Shirt, c. 1952, Los Angeles County Museum of Art, gift of Mrs. Carl W. Barrow

The Uniformity section acknowledges that while military and working uniforms might appear to limit the possibilities for individual expression, a close examination of tailoring techniques, stylistic details, and embellishments reveals that high sartorial standards persist even in conventional capacities, as seen on late eighteenth- and early nineteenth-century British army and naval uniforms. Furthermore, military and work uniforms made for function have often been brought into the realm of fashion, such as the United States Army waist-length Eisenhower jacket that inspired a stylish early 1950s jacket, or a French workman’s jumpsuit from the 1930s that informed a 2010–11 silk and wool flight suit by 3.1 Phillip Lim. Even the early nineteenth-century businessman’s wool suit has metamorphosed into artistry in the work of twenty-first-century fashion designers such as Kean Etro for Etro.

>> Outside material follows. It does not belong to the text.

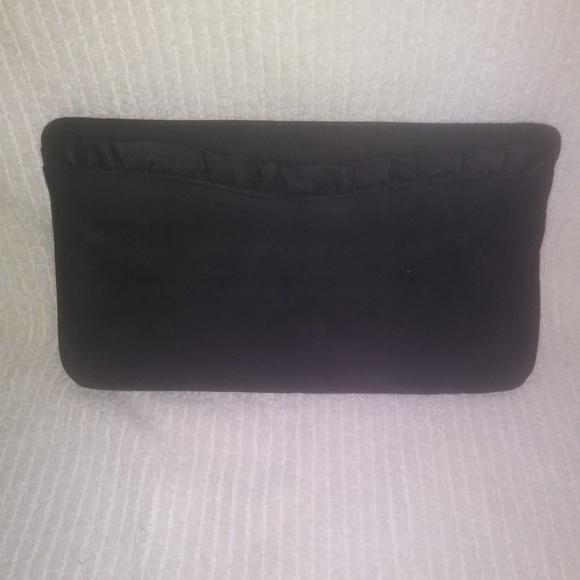 Black Silk Ruffle Dress Clutch/Crossbody Bag - Picture 4 of 8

Kean Etro for Etro, Ensemble, Fall/Winter 2014–15, Los Angeles County Museum of Art, gift of Etro

Our fourth theme, Body Consciousness, demonstrates that men have been just as preoccupied with enhancing their physiques as women have, turning to such devices as stockings with padded calves in the eighteenth century, waist-cinching underpants in the early nineteenth century, and body-shaping tailored jackets from the nineteenth century through the modern and contemporary eras. The growing acceptance of exposed skin can be traced through swimwear, from a turn-of-the-twentieth-century bathing suit that nearly covered the entire body, which evolved into a 1935 Jantzen swimsuit with detachable top, then dissolved into a 1997 Tom Ford for Gucci thong swimsuit, only to revert back to a full-body competition swimsuit by Speedo in collaboration with designer Rei Kawakubo in 2008.


Jantzen, Inc., "Topper" Swimsuit, c. 1935, Los Angeles County Museum of Art, gift of Jantzen, Inc.

Finally, in The Splendid Man, we analyze changing concepts of “his” versus “hers,” considering how fashion forerunners and designers throughout history challenged notions of menswear by looking to a past when certain gender distinctions in colors, fabric, and motifs were far less significant. Superfluities that were once commonplace in men’s dress—such as sparkling paste (glass) stones and sequined embellishments, animal furs, floral patterns, and vividly colored textiles—are resurrected and reinterpreted in clothes by contemporary fashion houses, such as the mid-1990s wool pinstripe business suit covered in plastic sequins by Franco Moschino, a 2013–14 fur-print ensemble by Kean Etro for Etro, a 2014 chintz-inspired ensemble by Frida Giannini for Gucci, and a 2009 vivid yellow-green ensemble by Italo Zucchelli for Calvin Klein. 


Left: Tent Panel, India, Golconda, c. 1645, Los Angeles County Museum of Art, from the Nasli and Alice Heeramaneck Collection, Museum Associates Purchase; Right: Frida Giannini for Gucci, Ensemble, Spring/Summer 2014, Los Angeles County Museum of Art, gift of Gucci America

Through illuminating connections between history and high fashion, Reigning Men traces cultural influences over the centuries, examines how elements of the uniform have profoundly shaped fashionable dress, and reveals how cinching and padding the body was, and is, not exclusive to women. On view through August 21, the exhibition, which features 200 looks, celebrates a rich history of restraint and resplendence that acknowledges the past while considering the future of menswear.